En alguna página olvidada de un vasto volumen, el cual acaso nadie ha leído por completo, tal vez se pronostique que la inteligencia artificial y los nativos digitales serían la simiente de una nueva época: la poshumana. Una era cuyo nacimiento, difuso y encubierto, se remonta al colapso de un muro, en el año de 1989. Ese muro no solo fue un símbolo de la división política, sino un punto de inflexión que selló el fracaso de las revoluciones sociales de izquierda y, al mismo tiempo, abrió las puertas a una revolución insospechada: la tecnológica. La caída del Muro de Berlín no solo desmoronó un imperio, sino que gestó otros; por un lado el de las narcoguerrillas, y por otro, el del algoritmo. (Ambos encuentros son fortuitos en su diégesis, ¿O no?).
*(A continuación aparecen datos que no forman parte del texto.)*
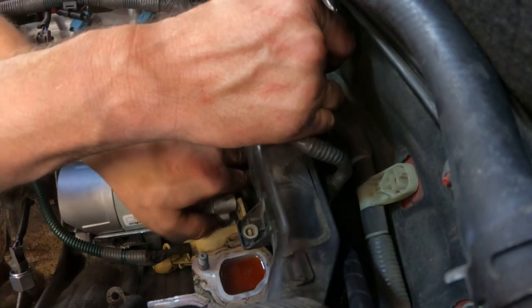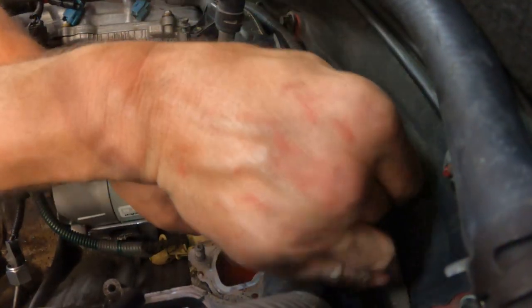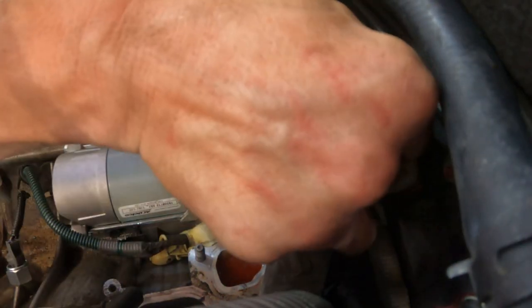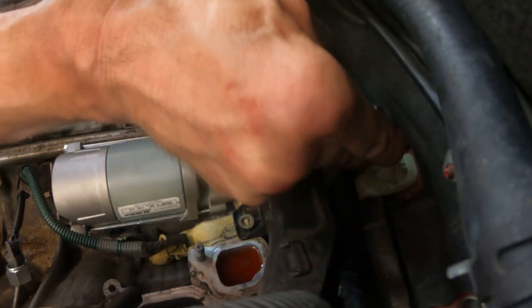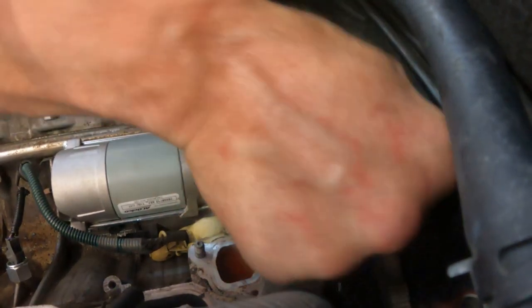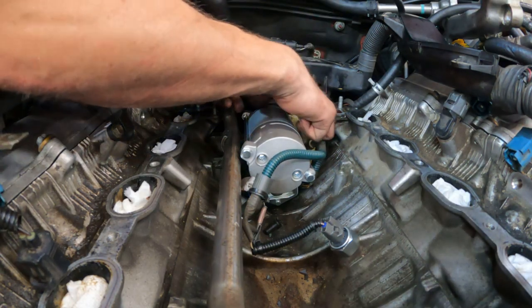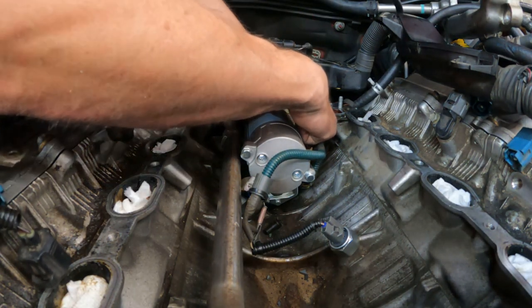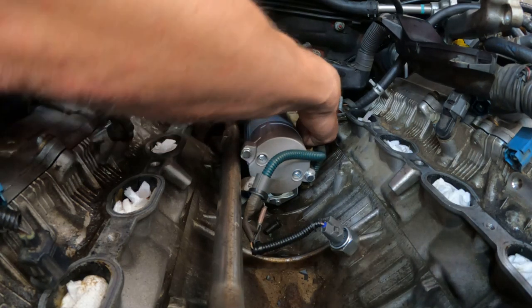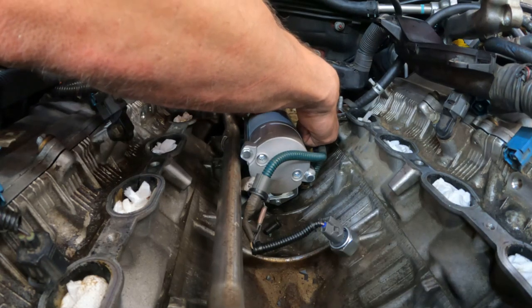I've got a big half-inch ratchet back here and it gives you much more leverage — it totally works. To torque it I'm going to have to switch sides to the other side of the car, but this works great. Don't forget the little fastener that goes on the back of this plastic thing right here — it's also kind of a pain. You're going to have to pull it towards you, fish it through that hole, and then thread it.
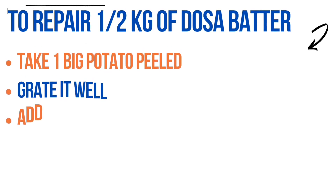Today I am going to tell you how to reduce the sourness in dosa batter. Suppose we have half a kg of dosa batter.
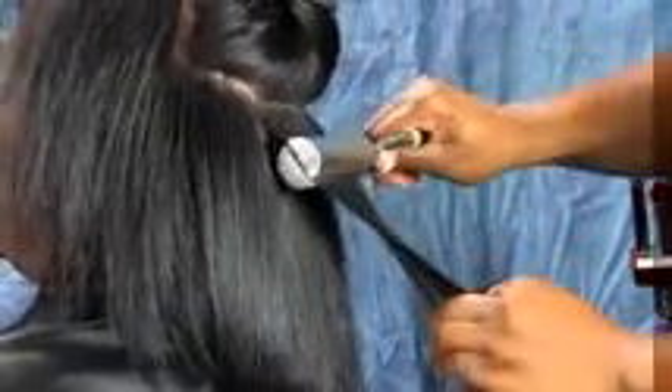I am sectioning the first piece of the client's hair. Using the silky iron, I am smoothing and sealing the cuticle of the hair. Near the scalp, I will put the hair between the iron and move it downward, all the way through the ends. This will give a nice curl at the ends of the hair.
Este nuevo poder inasible, omnipresente e indetectable, ha redirigido la historia hacia un tiempo en el que los filósofos contemporáneos —Achille Mbembe entre ellos— vislumbran una región epicéntrica: el Silicon Reich. Mbembe, con el rigor lúcido de un cartógrafo del futuro, delata en este territorio, anidado en California, la evidencia de un capitalismo tecnificado. Un capitalismo que, alejado de su versión fordista, se ha vuelto inmaterial, deslizante, y ha comenzado a funcionar bajo las leyes inefables de la computación: inatrapable en los vacíos jurídicos del sistema. Y así, entre las palabras de conferencias olvidadas, se intuye el horizonte de un fin: el de la democracia y tal vez, el de la misma humanidad.
La Generación Z, esa primera generación plenamente digital, no es ajena a esta realidad. Desde sus productos culturales, se manifiestan las grietas y sombras de una civilización que presiente su final. La apatía de los Hikikomori en Japón (Millenials), los jóvenes chinos (Generación Z) que juegan en TikTok a ser aves “cansados de ser humanos”, todo ello es un gesto de agotamiento, una pausa ante la maquinaria incesante del capitalismo de consumo.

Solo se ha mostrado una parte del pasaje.